Rob Murray from ‘Friends of Hanging Rock’ says, “The result was quite incredible – after two hours deliberation the Joint Regional Planning Panel (JRPP) returned to deliver a stunning rebuke to the developers,” he says.
The JRPP held a community hearing last month in Batemans Bay, and while supportive of the general idea of a seniors living development in the area, the panel deferred rather than reject the development application (DA), with a list of things to be addressed before and the DA can be lodged again.
Height, flood mitigation, open space, bulk and scale, traffic, vegetation, landscaping, privacy, and architectural merit were some of the points raised by the JRPP, “a very long and extensive list of concerns,” Mr Murray says.
Hanging Rock is a long-established cul de sac suburb of 150 odd homes bounded by sporting fields and the ocean, south of Batemans Bay.
Marketed as ‘The Estuary‘ the proposed development would replace and dwarf the adjoining Coachhouse Marina Resort. The concept plan features 210 serviced self care dwellings, a 150-bed residential aged care facility, and 128 medium density residential apartments.
“An over 55 gated community with luxurious apartments with large balconies, basement parking and breathtaking views. Featuring a café, restaurant and exceptional community facilities with a rooftop pool and BBQ area,” the development’s website reads.
“A waterfront boardwalk around The Estuary from Beach Road to the break-wall will provide residents and visitors of Batemans Bay a beautiful walkway to Corrigans Beach and Hanging Rock. This boardwalk will also provide an alternative entry to The Estuary’s waterfront restaurant and café which will be open to the public.”
‘Friends of Hanging Rock’ say they are not against the development but feel let down by a lack of consultation.

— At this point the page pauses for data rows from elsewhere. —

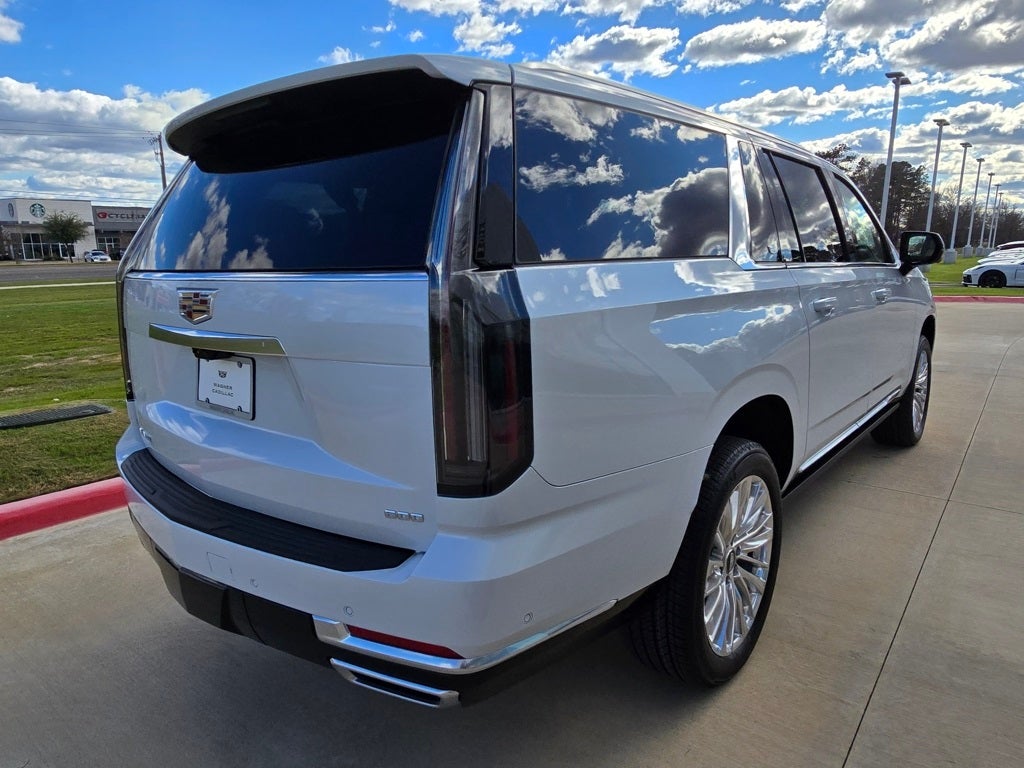 2026 Cadillac Escalade ESV Luxury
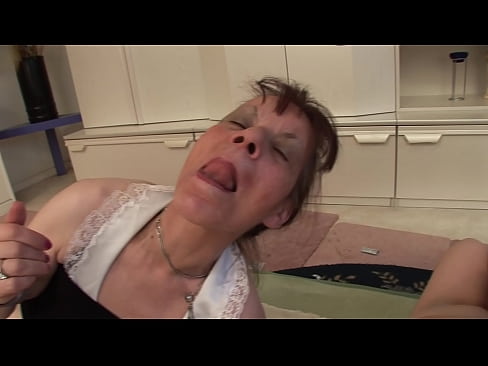 ❤️ Twee oma's en een opa hebben een triootje ☑ Super porn at nl.hentaiser.ru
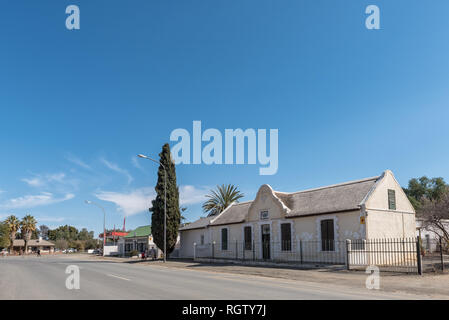 CALVINIA, SUD AFRICA, 30 agosto 2018: una scena di strada, con edifici storici, in Calvinia nel nord della provincia del Capo Foto Stock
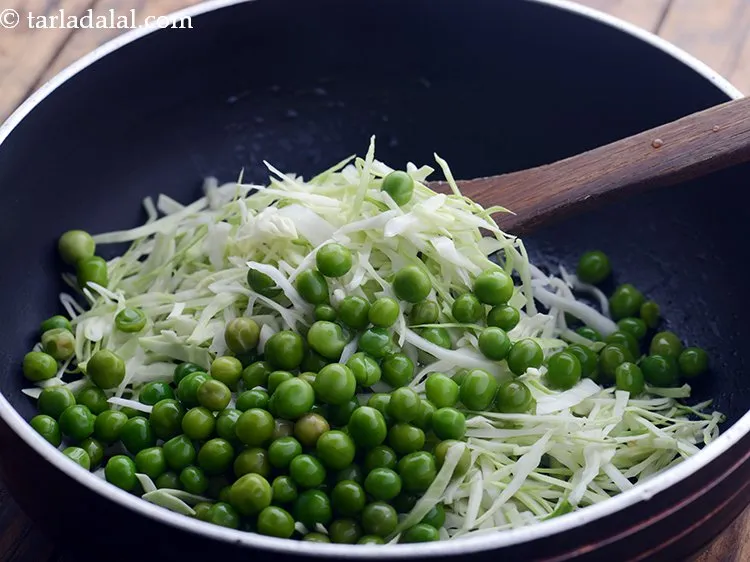 स्टेप 8 – हरे मटर डालें।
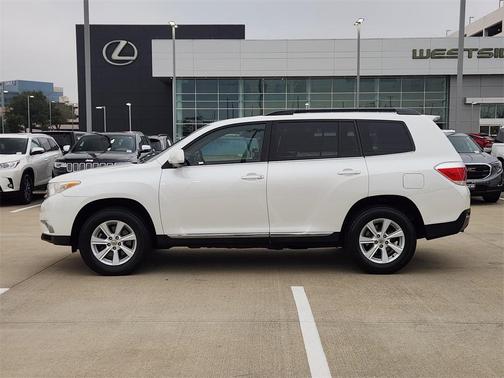 2011 Toyota Highlander SE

Mr Murray is disappointed the Mayor and councillors didn’t engage with him through the development approval process.
“The Mayor would not even speak with me siting a conflict of interest, we received no support, no guidance, we as residents and ratepayers were abandoned by our elected officials.”
In addressing Mr Murray’s criticism, Council’s General Manager Dr Catherine Dale explains that councillors are not permitted to weigh in on decisions before the planning panel.
“The Coachhouse development was considered by the NSW Government’s Southern Joint Planning Panel, not Council,” she says.
“Developments valued over $30 million are required to be assessed by a planning panel and councillors have no role to play, in fact, it would be a breach of the Code of Conduct if they were to attempt to influence or direct a decision of staff.”
Dr Dale added that Mayor Liz Innes declared a conflict of interest in the matter, “this is entirely appropriate and a requirement of elected officials.”
The proponents of The Estuary are the Sydney based, Global Lifestyle Developments, Managing Director, Brian Brown says “all concerns of the residents have been addressed and where possible our plans have been amended to address them.”
“Our neighbours have put up a good fight and engaged specialists who continually ask for clarification of reports and questioning everything.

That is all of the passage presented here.